(Stored data)
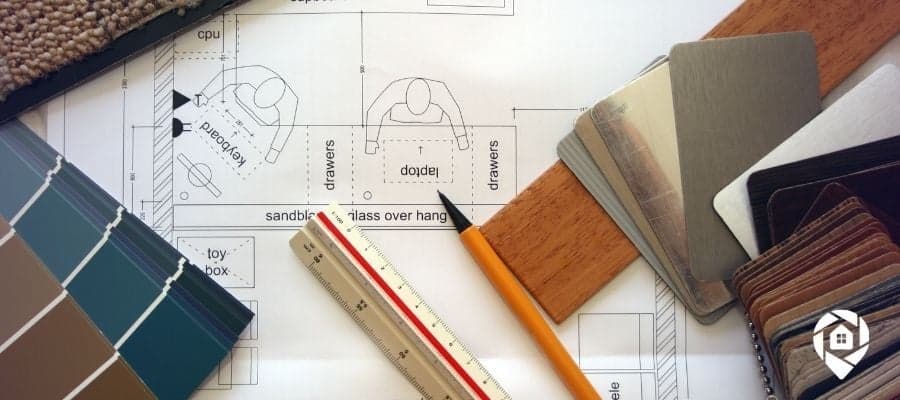 Real estate renovation planning with design samples and materials—representing property flipping strategies.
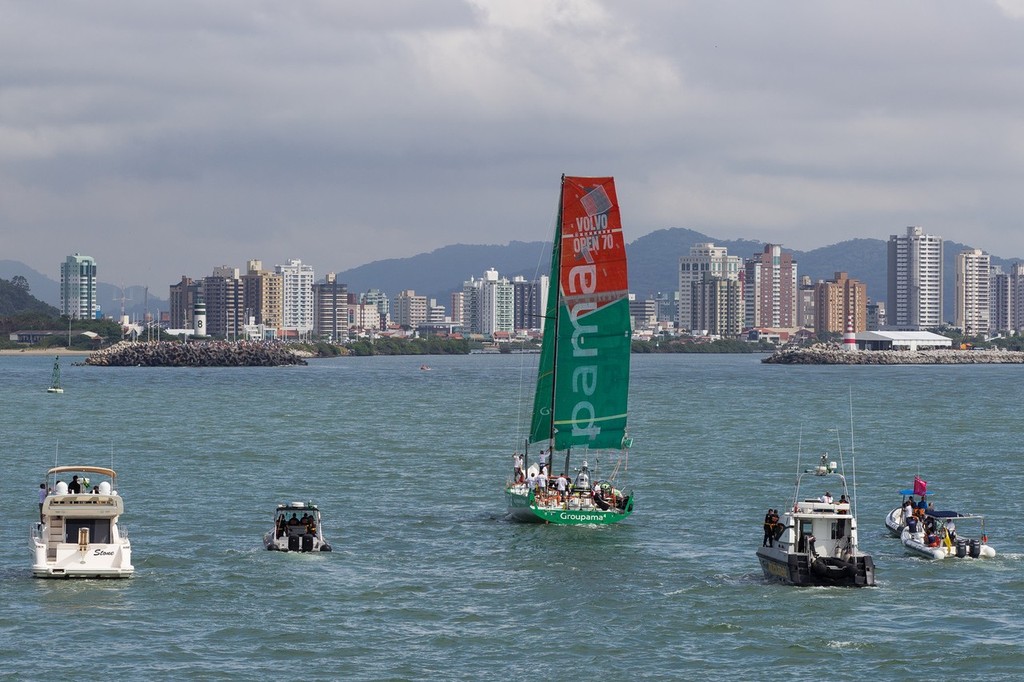 A spectator fleet follows Groupama Sailing Team, skippered by Franck Cammas from France, sailing under jury rig, as they approach the finish line in Itajai, during leg 5 of the Volvo Ocean Race 2011-12, from Auckland, New Zealand to Itajai, Brazil. (Credit: IAN ROMAN/Volvo Ocean Race) photo copyright Ian Roman/Volvo Ocean Race http://www.volvooceanrace.com taken at  and featuring the  class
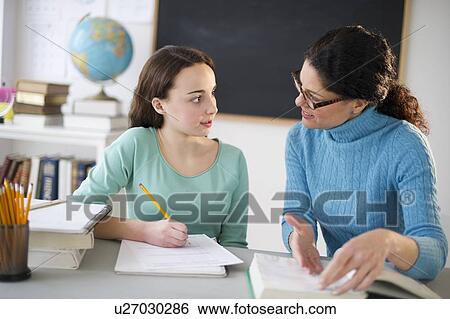Stock Photograph - Teacher talking to teenage girl (14-15). Fotosearch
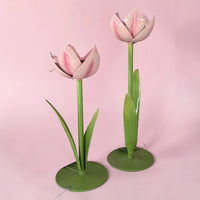 Pink metal tulip home decor with green stems and leaves, elegant spring accent for living spaces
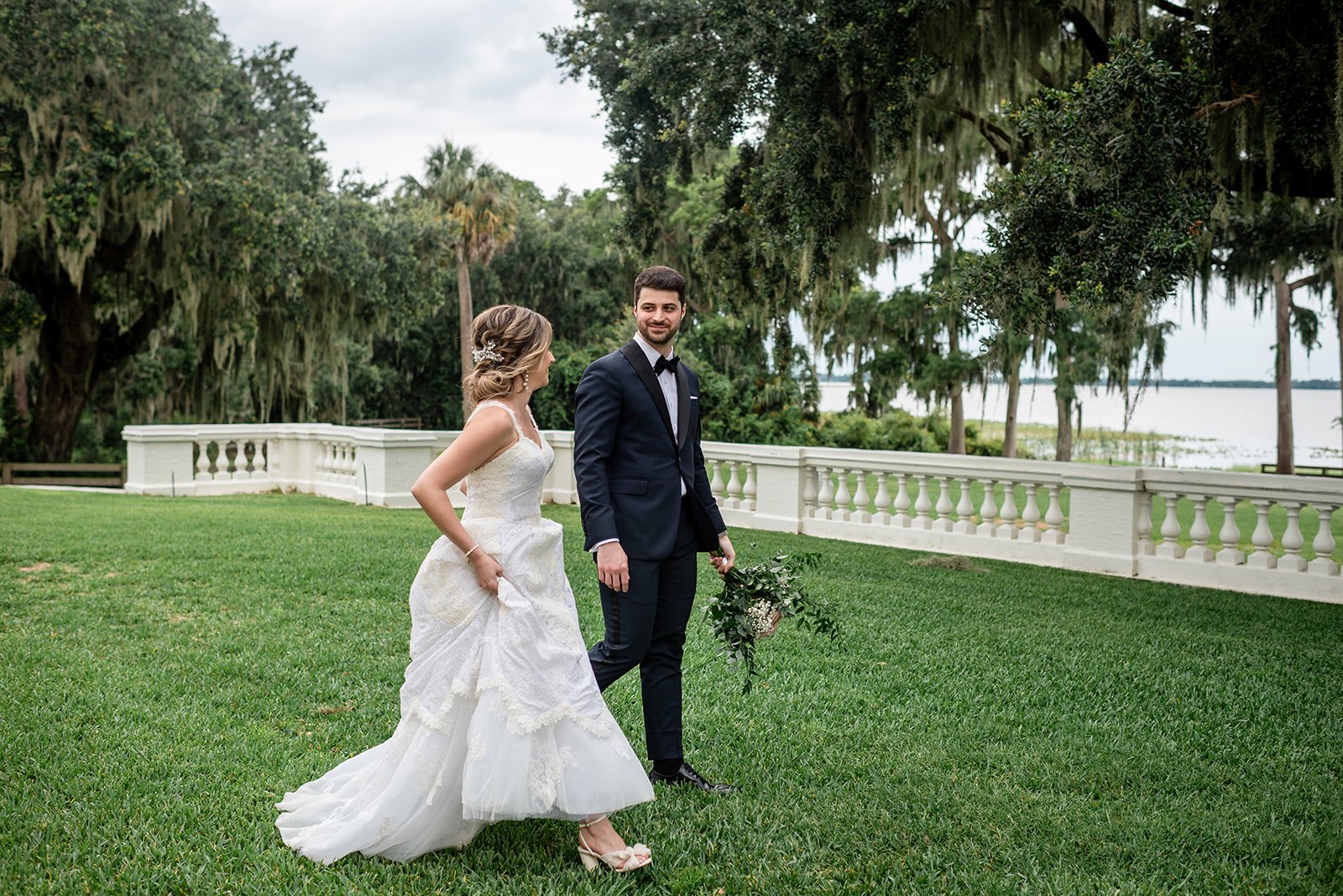 Bride and groom walking on a grassy lawn with a scenic backdrop of trees and a lake.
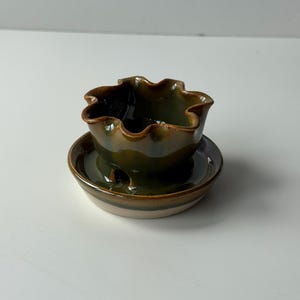 May include: A handmade ceramic bowl and saucer set. The bowl has a ruffled edge and a dark green glaze with brown accents. The saucer is a matching dark green with a cream-coloured base. The set is designed for serving small portions.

▸ Problem description:
Beginning at the line that holds "A spectator fleet" and ending with the last line of the entries, please set down each line exactly, leaving every picture out.

▸ Exercise answer:
 A spectator fleet follows Groupama Sailing Team, skippered by Franck Cammas from France, sailing under jury rig, as they approach the finish line in Itajai, during leg 5 of the Volvo Ocean Race 2011-12, from Auckland, New Zealand to Itajai, Brazil. (Credit: IAN ROMAN/Volvo Ocean Race) photo copyright Ian Roman/Volvo Ocean Race http://www.volvooceanrace.com taken at  and featuring the  class
Stock Photograph - Teacher talking to teenage girl (14-15). Fotosearch
 Pink metal tulip home decor with green stems and leaves, elegant spring accent for living spaces
 Bride and groom walking on a grassy lawn with a scenic backdrop of trees and a lake.
 May include: A handmade ceramic bowl and saucer set. The bowl has a ruffled edge and a dark green glaze with brown accents. The saucer is a matching dark green with a cream-coloured base. The set is designed for serving small portions.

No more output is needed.